Puede desaparecer de mi mente durante un tiempo, pueden pasar días en los que su presencia en mis pensamientos es mínima, disfrutar de otras cosas que agradezco tener a mi alrededor y seguir adelante, el único camino posible a ninguna parte. Y parece que todo está bien. Parece que todo encaja, que todo vuelve a su sitio y la mínima felicidad que disfrutaba vuelve a brotar otra vez desde la pequeña semilla.
Pero sigue ahí. Consciente o inconscientemente llevo meses buscándola en mi memoria, recorriendo otra vez su piel en aquellas noches de vino y rosas. A veces la miro y no puedo evitar quedarme perdido ante sus ojos verdes, intentando buscar aquel pacífico lugar donde una vez me sentí libre y feliz, donde el silencio era reconfortante, el miedo se evaporaba y conseguía por unos segundos esa paz que siempre falta a mi alrededor. Hace seis meses mi mundo se revolvió al besarla, al volver por unos segundos a ese mundo paradisíaco, a esos labios que por sorpresa me dieron la bienvenida.

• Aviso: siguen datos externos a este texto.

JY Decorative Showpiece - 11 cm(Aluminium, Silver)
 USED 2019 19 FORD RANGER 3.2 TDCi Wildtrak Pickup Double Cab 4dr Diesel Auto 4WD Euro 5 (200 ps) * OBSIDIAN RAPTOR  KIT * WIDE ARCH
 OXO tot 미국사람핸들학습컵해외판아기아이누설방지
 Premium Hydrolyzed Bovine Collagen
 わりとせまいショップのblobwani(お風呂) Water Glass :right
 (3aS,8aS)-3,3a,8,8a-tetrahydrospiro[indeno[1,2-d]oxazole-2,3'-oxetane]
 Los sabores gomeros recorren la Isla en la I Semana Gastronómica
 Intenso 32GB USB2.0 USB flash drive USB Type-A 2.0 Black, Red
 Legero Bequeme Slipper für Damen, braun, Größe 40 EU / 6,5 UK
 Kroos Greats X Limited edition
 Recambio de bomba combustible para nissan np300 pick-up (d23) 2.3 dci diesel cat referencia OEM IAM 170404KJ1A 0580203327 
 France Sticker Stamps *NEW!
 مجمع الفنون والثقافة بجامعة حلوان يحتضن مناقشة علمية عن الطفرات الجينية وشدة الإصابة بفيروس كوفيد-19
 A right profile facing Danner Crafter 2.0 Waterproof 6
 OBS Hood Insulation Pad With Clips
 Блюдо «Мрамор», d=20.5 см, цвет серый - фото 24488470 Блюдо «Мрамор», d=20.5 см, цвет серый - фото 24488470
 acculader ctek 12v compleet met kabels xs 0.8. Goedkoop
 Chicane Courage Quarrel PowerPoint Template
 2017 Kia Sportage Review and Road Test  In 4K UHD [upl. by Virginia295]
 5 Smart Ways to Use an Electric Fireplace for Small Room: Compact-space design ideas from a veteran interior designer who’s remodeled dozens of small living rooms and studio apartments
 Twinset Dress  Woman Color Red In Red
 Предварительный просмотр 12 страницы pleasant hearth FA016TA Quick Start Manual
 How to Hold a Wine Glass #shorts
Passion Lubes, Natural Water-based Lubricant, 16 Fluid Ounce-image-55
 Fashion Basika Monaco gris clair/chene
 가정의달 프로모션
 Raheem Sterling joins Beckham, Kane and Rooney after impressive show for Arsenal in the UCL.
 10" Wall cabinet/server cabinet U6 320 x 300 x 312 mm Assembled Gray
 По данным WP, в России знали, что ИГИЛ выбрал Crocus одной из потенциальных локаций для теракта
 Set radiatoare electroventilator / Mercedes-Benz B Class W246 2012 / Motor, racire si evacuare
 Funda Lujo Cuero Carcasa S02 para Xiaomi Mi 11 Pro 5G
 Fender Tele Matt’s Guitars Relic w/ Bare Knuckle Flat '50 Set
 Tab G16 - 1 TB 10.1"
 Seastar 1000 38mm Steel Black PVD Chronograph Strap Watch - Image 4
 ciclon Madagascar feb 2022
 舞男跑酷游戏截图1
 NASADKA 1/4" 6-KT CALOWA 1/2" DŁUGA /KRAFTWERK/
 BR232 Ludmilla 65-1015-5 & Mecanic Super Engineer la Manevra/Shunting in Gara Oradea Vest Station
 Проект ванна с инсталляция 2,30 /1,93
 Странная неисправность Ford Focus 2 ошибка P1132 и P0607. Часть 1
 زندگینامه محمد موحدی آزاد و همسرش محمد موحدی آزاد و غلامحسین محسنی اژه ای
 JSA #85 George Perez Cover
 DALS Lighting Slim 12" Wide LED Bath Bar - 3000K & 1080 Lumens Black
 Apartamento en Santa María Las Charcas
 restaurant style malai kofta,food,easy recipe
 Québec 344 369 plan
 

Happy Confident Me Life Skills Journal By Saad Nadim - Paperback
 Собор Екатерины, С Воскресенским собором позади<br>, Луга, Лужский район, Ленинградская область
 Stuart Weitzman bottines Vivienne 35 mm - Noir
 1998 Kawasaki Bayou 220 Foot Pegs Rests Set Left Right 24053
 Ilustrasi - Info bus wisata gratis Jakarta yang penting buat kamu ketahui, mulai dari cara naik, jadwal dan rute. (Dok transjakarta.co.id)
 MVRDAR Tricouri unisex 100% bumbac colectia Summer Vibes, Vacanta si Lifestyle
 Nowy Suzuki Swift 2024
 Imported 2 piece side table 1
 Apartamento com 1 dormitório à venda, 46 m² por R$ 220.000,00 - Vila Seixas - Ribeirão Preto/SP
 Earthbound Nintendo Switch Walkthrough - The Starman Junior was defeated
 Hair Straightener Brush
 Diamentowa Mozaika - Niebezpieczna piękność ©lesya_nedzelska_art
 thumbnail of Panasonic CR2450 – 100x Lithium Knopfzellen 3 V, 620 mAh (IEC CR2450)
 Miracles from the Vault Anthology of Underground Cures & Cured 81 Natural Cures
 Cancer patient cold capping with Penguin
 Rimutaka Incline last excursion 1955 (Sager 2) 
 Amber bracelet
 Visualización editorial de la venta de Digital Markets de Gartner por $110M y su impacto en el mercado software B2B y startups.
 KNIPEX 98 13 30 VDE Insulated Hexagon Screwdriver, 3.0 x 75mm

Tanto me he equivocado en mi vida. Tanto, que ni siquiera hablando con ella pudimos llegar a ser del todo sinceros, o así yo lo veo. Remover el pasado a veces cuesta, la rabia fluye, los motivos ya no los recuerdas, y lo único que sientes es la frustración de ahora. No era una situación fácil en el pasado. Realmente, hicimos lo correcto, lo leal, lo íntegro, lo respetable. Rozamos los límites en aquellos días, y lo cortamos por lealtad, por seriedad, por respeto. Ella vive hoy una relación tranquila, con un hombre tranquilo. Yo una relación en la tumultuosa distancia, con una mujer tranquila. Las dudas las tengo yo, claro. Vivir sólo y con una relación a distancia no es un camino fácil. Pero después de años, hace seis meses, yo inicié el gesto, pero nos besamos los dos... los dos. La tensión sexual no desaparece en pareja, eso se sabe, pero hay cosas que pasan más allá de la tensión, más allá de todo. Pasan porque pasan, o porque tienen que pasar...
Odio creer en lo imposible, depositar esperanzas en lo improbable, creer que se puede viajar al pasado... pero a veces, cuando estoy sólo en la oscuridad, te echo de menos, y pienso en tus ojos verdes, en ese lugar lleno de paz donde mis pensamientos todavía se paralizan a veces.